## Work instruction
Return only the lines of the data below from the line with "Футболка хлопковая BASTILLE" up to and including the line with "Radaway Essenza 8", exactly as written, with the pictures omitted.

## Extracted data

/---

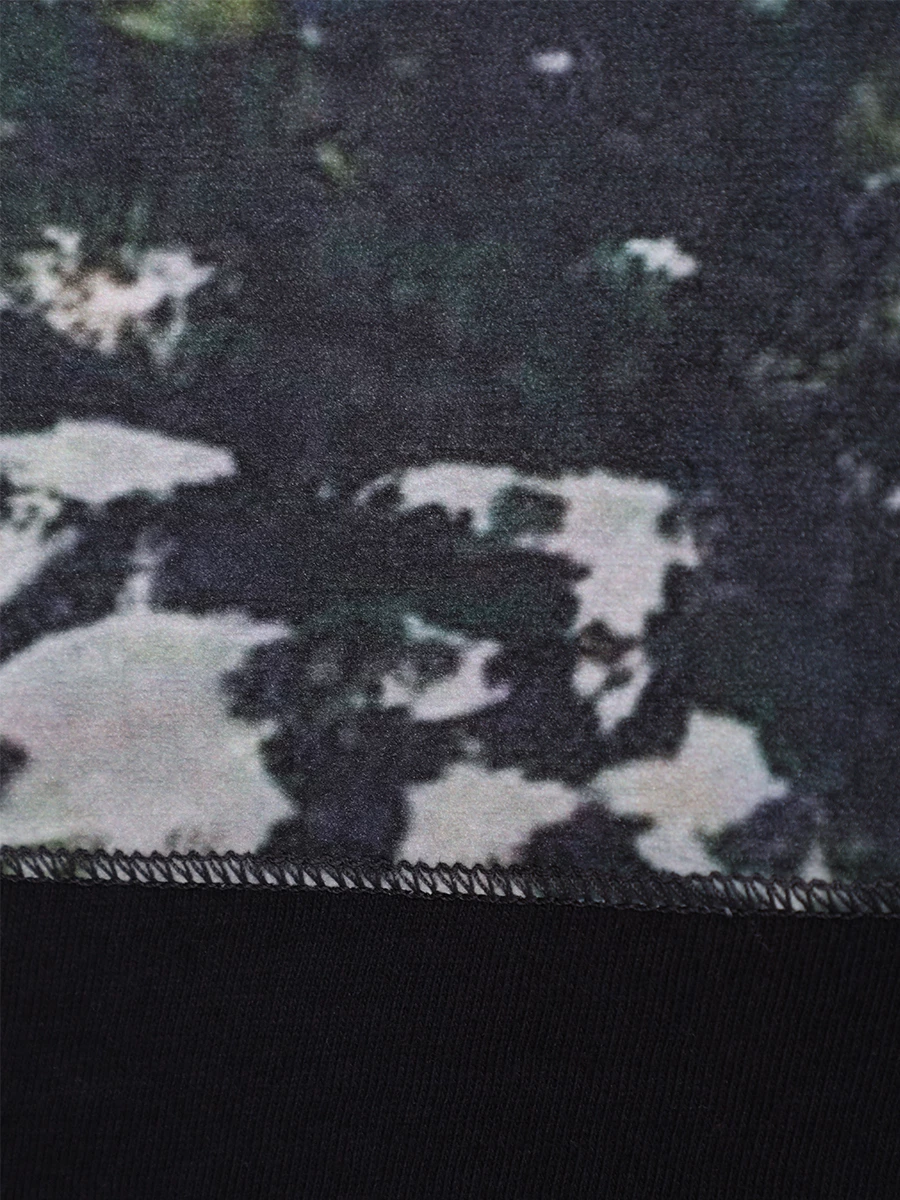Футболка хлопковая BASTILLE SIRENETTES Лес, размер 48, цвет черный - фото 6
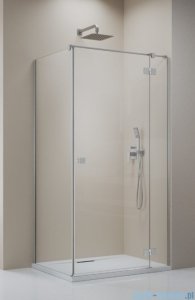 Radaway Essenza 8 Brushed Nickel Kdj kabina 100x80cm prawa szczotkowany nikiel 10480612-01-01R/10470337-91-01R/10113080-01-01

\---
/---

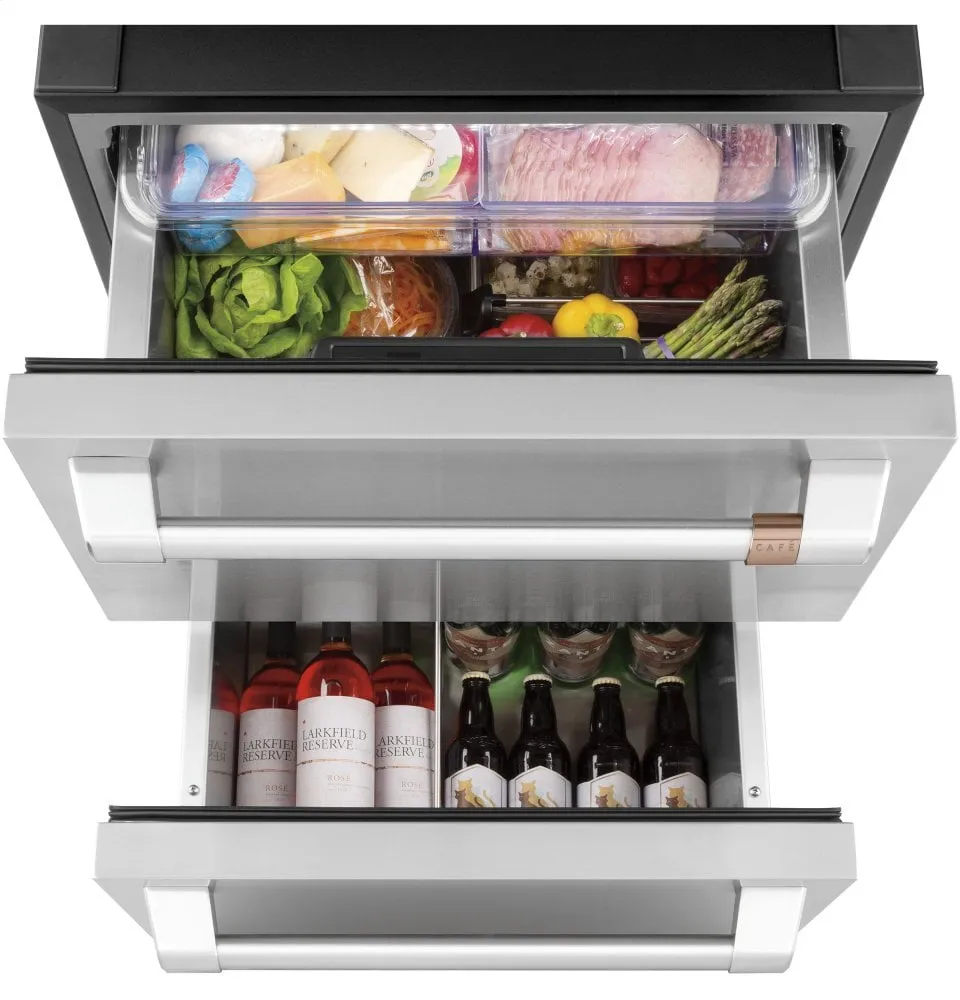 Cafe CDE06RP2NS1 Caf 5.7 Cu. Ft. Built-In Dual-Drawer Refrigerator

\---
/---

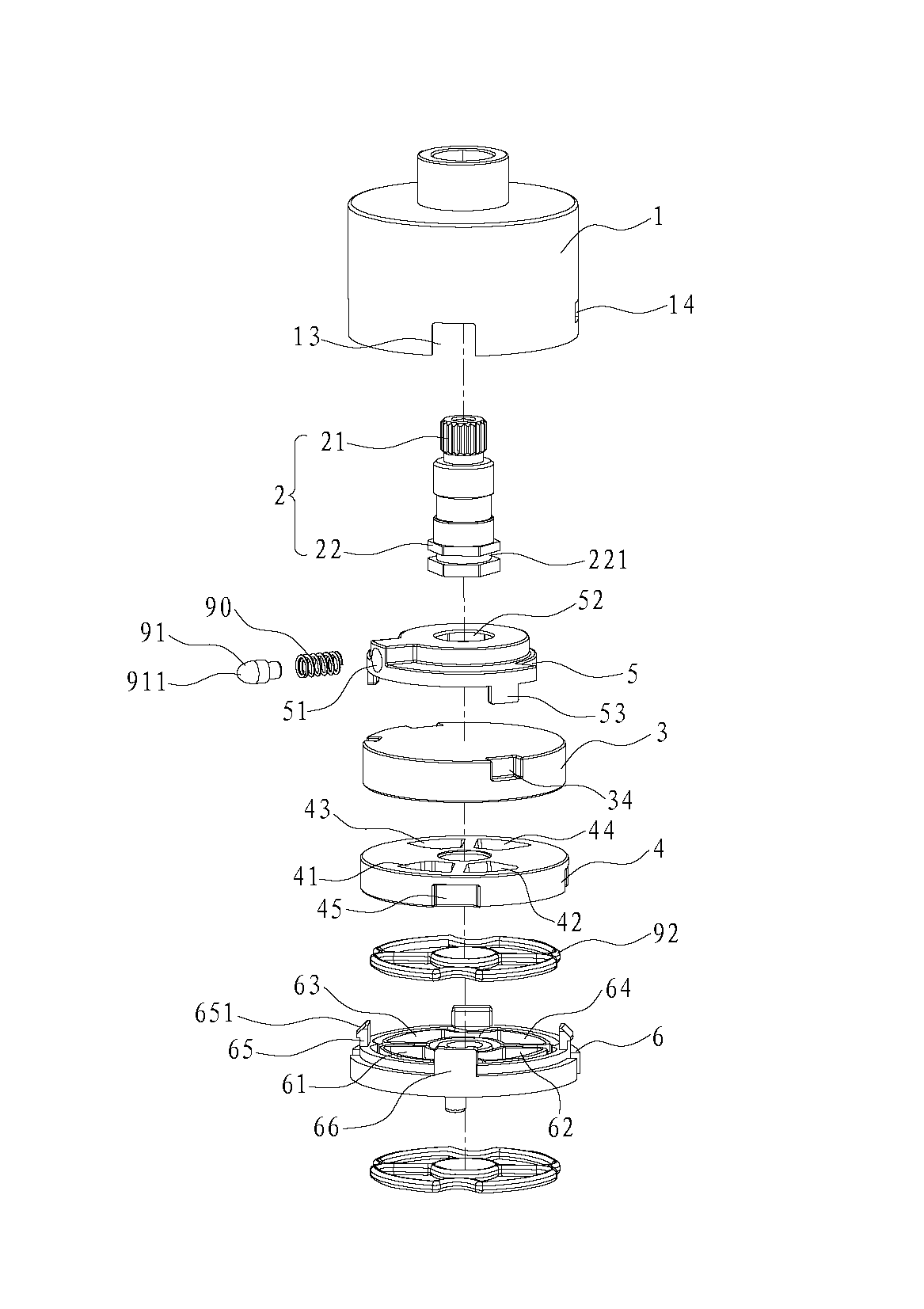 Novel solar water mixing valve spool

\---

## Written solution
Футболка хлопковая BASTILLE SIRENETTES Лес, размер 48, цвет черный - фото 6
 Radaway Essenza 8 Brushed Nickel Kdj kabina 100x80cm prawa szczotkowany nikiel 10480612-01-01R/10470337-91-01R/10113080-01-01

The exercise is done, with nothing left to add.